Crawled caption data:
*** Block opens ***

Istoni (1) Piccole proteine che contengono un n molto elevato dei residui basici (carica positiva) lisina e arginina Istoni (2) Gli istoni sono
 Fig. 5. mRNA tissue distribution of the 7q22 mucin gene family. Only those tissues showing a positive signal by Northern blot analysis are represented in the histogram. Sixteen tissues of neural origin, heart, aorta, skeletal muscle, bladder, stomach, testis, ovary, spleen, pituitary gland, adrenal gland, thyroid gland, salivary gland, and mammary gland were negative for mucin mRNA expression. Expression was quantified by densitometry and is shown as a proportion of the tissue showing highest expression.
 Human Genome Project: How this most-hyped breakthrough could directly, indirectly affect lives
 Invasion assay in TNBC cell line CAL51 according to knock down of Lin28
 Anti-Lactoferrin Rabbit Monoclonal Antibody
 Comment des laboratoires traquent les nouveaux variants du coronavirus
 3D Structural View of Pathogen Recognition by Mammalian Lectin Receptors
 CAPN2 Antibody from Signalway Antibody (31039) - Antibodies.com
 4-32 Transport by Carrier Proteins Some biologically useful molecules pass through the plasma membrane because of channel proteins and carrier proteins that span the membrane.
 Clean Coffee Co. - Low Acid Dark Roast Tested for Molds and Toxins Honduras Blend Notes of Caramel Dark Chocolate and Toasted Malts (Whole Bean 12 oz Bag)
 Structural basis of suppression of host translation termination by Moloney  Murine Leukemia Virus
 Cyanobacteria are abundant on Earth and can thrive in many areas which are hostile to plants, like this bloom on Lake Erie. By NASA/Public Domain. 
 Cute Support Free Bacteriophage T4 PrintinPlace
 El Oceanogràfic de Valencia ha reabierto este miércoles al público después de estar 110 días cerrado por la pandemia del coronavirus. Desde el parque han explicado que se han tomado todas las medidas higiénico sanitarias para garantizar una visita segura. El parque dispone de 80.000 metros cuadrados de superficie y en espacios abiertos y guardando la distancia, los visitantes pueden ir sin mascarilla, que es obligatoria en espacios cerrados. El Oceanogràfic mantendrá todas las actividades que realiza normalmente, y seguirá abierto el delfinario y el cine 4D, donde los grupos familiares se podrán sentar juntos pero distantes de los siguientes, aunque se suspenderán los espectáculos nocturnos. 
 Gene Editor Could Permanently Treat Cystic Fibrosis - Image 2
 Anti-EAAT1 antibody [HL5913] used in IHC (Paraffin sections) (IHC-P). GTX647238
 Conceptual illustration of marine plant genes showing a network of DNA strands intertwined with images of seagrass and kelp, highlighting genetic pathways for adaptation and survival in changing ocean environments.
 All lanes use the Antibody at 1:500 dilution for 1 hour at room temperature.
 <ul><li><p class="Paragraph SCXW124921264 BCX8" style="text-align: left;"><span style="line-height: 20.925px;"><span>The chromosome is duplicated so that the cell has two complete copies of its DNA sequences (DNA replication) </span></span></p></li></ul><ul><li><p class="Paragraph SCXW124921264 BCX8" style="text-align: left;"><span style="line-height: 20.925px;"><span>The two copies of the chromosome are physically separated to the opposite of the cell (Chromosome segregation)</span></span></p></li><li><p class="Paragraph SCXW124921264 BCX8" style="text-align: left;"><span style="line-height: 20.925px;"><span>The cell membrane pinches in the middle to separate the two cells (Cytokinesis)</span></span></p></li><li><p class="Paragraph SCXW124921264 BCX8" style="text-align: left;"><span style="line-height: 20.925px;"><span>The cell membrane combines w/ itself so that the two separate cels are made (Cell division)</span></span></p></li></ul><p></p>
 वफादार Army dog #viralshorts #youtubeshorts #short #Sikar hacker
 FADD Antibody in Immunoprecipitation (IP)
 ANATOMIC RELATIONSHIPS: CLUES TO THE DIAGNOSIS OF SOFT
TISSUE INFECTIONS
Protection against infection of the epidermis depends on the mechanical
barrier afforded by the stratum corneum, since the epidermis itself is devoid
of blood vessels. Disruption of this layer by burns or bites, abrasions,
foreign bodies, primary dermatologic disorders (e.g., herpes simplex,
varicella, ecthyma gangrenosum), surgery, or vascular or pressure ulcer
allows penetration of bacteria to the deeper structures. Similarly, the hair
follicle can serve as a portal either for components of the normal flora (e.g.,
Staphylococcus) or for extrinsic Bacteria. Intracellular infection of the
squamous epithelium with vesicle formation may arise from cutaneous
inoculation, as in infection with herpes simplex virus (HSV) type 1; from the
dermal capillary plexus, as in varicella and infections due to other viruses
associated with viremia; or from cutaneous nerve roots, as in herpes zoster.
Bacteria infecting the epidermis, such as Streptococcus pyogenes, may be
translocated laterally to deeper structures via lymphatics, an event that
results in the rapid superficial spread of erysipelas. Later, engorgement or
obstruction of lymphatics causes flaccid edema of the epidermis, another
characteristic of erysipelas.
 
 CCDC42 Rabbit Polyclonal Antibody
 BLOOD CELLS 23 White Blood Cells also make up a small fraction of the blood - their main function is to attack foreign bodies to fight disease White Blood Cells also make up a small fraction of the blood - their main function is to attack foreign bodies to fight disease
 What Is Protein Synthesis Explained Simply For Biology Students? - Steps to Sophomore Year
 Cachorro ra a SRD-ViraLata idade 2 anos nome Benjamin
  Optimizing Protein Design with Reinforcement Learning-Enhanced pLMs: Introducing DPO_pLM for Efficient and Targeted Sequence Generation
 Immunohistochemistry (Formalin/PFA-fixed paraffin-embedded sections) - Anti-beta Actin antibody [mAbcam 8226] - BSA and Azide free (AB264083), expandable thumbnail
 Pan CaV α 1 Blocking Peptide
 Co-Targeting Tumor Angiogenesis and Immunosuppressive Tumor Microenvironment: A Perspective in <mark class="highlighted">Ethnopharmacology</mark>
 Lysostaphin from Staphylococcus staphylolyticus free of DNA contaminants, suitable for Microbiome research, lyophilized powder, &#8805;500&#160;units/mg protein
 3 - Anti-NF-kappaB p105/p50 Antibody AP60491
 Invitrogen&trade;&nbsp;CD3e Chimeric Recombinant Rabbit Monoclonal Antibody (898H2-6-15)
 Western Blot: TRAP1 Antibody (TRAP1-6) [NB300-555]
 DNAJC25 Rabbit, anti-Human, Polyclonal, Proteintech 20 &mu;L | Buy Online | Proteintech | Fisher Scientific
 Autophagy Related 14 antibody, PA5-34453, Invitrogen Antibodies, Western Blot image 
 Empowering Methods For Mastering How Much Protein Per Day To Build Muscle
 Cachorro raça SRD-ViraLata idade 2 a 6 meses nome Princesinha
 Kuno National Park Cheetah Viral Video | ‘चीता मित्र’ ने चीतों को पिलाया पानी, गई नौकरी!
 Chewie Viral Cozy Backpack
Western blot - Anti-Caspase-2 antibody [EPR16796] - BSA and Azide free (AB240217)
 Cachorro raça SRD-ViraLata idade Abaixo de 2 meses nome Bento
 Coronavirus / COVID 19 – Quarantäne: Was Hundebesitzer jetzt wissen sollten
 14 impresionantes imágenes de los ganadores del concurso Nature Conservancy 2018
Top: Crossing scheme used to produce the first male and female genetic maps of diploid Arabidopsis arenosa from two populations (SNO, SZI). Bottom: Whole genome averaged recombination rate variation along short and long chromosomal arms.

*** Block closes ***

Problem statement: Starting at the line above that holds "Cyanobacteria are abundant" and ending at the line that holds "Cute Support Free", transcribe each line exactly and include no other lines.

Answer:
 Cyanobacteria are abundant on Earth and can thrive in many areas which are hostile to plants, like this bloom on Lake Erie. By NASA/Public Domain. 
 Cute Support Free Bacteriophage T4 PrintinPlace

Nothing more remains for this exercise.